The Western world has considerable difficulty with the concept of sexual intimacy. One indication is the culture's obsession with the subject. On highway billboards, in magazine ads, in best selling novels, in almost every form of cultural expression from high art to low language, sexual innuendoes dominate the landscape.

It often reminds me of that incisive quip made by Hamlet's mother Gertrude: "The lady doth protest too much, methinks." Rather than showing a free-and-easy approach to our physical relationships, this need to constantly mention the topic betrays a distinct discomfort with it.

Ironically, though the Western world has worked determinedly in the past century to free itself from every religiously imposed moral and sexual restraint, it's been left with a souvenir that sexuality is somehow dirty.

Judaism stands utterly opposed to this outlook.

In Jewish thought, physical intimacy contains within it the highest potential for spirituality. It is one of the greatest means a married couple is given to express holiness.

Like any other means, however, its use depends completely on the expression given to it by the individuals involved. The sexual union is like a canvas in the control of the artists -- husband and wife -- and the spiritual message they produce can be meaningless, or it can be a masterpiece.

Classical Jewish sources describe sexuality as a mighty river. If harnessed, it can bring irrigation and magnificent energy to countless communities. If unharnessed and out of control, it brings floods and destruction.

At its highest use -- in a Jewish marriage lived according to Jewish law -- the sexual union brings holiness into the world, as it bonds husband and wife together, spiritually, physically and emotionally.

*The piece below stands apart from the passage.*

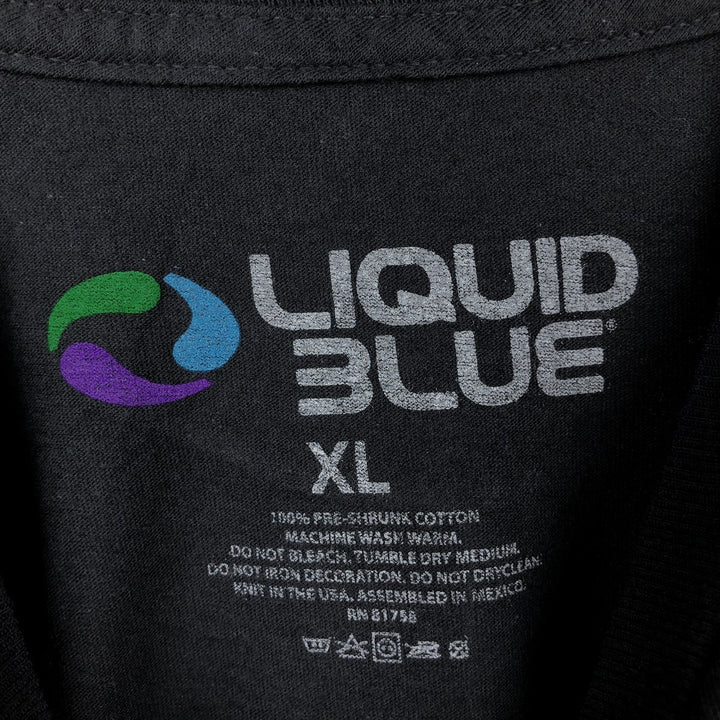 Liquid Blue The Who band t-shirt, men's size XL. cotton Charcoal Vintage Second Hand
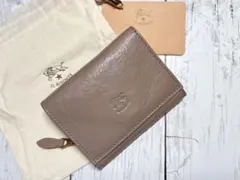 新品 イルビゾンテ ☆限定カラー☆ 三つ折り財布 希少 トルトラ グレージュ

Closeness between a husband and wife is not just a nice thing, but rather, it is the re-creation on a physical plane of a deeper spiritual reality. According to Jewish thought, a husband and wife were originally one soul before birth, split into two halves when the younger of the two was conceived. When they reunite in marriage, their bond is because it represents the recreation of a single entity, of one soul.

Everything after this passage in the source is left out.